# [GIVEN RECORDS]

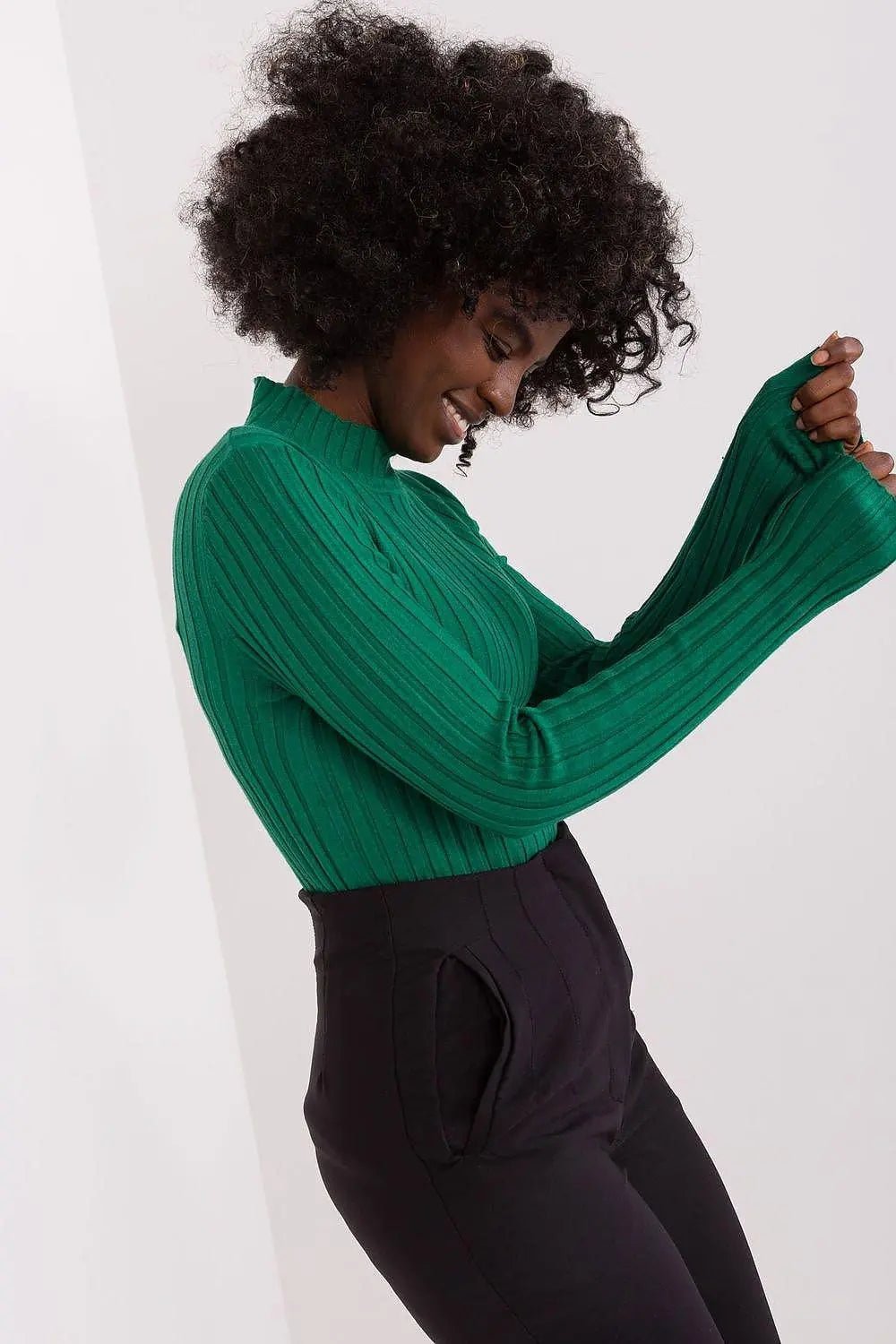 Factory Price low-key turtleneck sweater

...

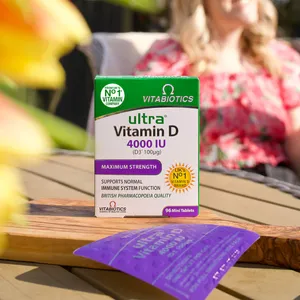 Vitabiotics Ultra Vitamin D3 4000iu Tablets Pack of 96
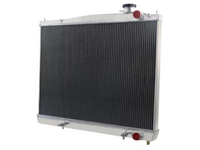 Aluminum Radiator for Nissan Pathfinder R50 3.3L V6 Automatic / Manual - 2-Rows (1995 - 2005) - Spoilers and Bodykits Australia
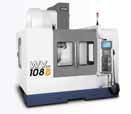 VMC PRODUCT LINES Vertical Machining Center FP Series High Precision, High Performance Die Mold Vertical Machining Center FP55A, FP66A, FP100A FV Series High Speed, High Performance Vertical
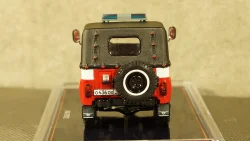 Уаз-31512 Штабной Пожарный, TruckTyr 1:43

# [TASK ITEM]
Although pictures appear among the records above, write out exactly only the lines from the one that has "VMC PRODUCT LINES" through the one that has "Уаз-31512 Штабной Пожарный, TruckTyr 1:43", and leave the pictures out.

# [THE COMPLETED TASK]
 VMC PRODUCT LINES Vertical Machining Center FP Series High Precision, High Performance Die Mold Vertical Machining Center FP55A, FP66A, FP100A FV Series High Speed, High Performance Vertical
 Уаз-31512 Штабной Пожарный, TruckTyr 1:43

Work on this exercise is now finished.